▶ _Task directions_: Repeat the listing exactly. Any picture in it should be left out of the copy.

▶ _Exercise data_:
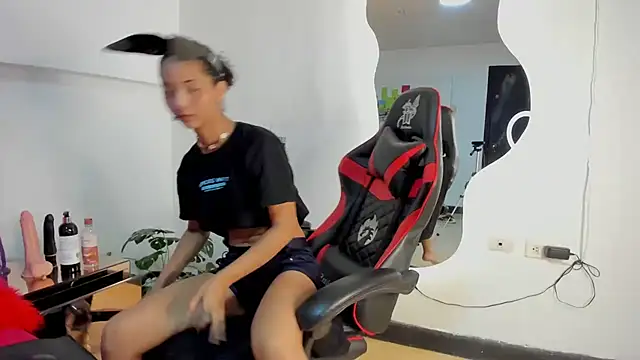 Milanxht online show from 18, 1, 2025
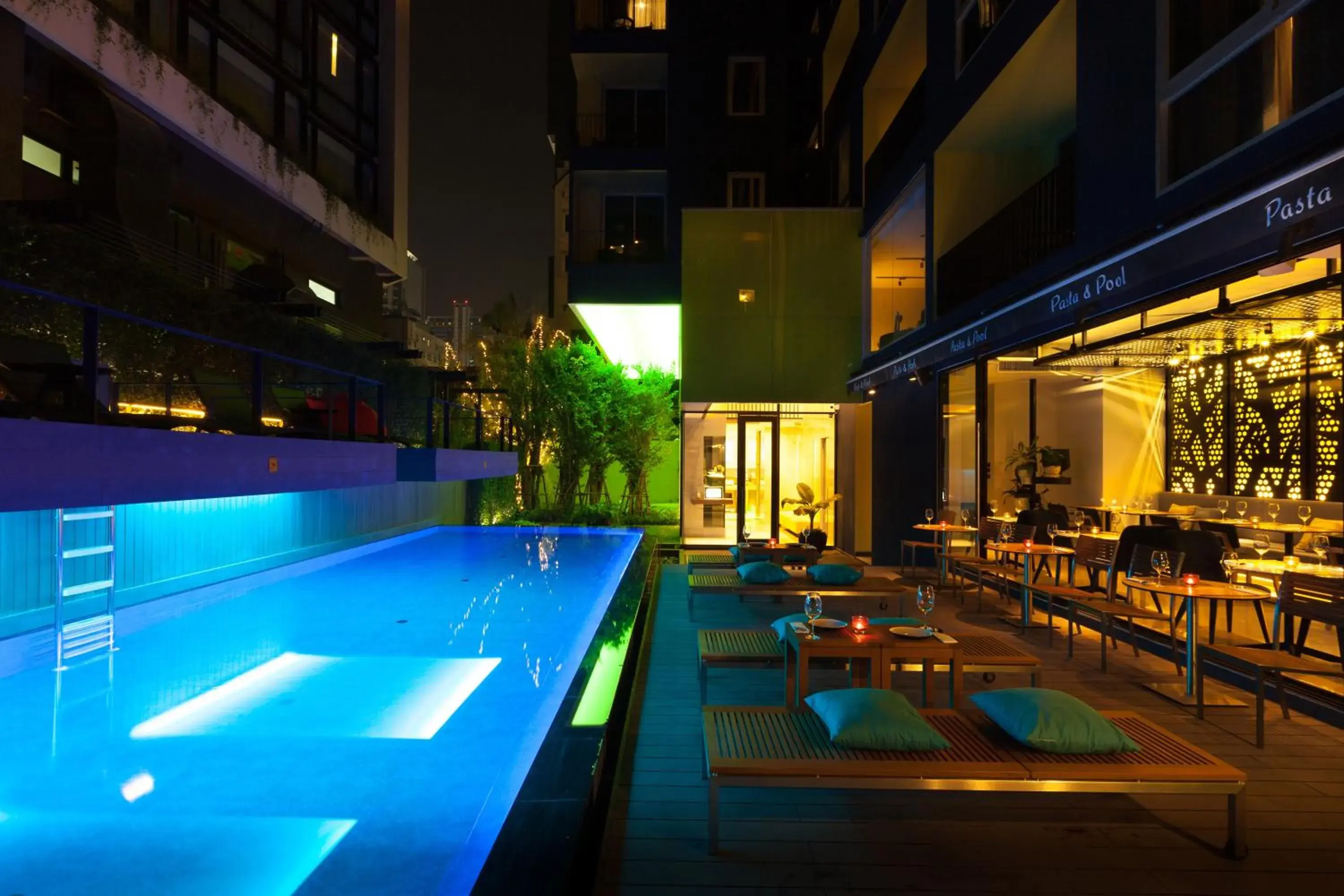 Restaurant/places to eat, Lounge/Bar in LiT BANGKOK Residence - SHA Extra Plus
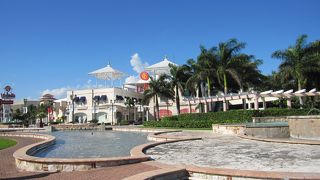 近くに宿泊しているなら…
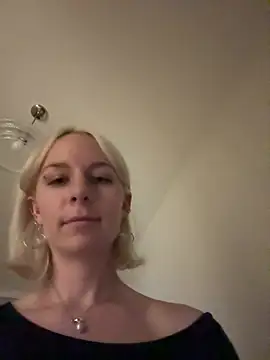 Snapshot of Naomi_Nocturn chatting on July 2026 09:10:02 PM Naomi Nocturn online show from July 2026 09:10:02 PM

▶ _Finished exercise_:
 Milanxht online show from 18, 1, 2025
 Restaurant/places to eat, Lounge/Bar in LiT BANGKOK Residence - SHA Extra Plus
 近くに宿泊しているなら…
 Snapshot of Naomi_Nocturn chatting on July 2026 09:10:02 PM Naomi Nocturn online show from July 2026 09:10:02 PM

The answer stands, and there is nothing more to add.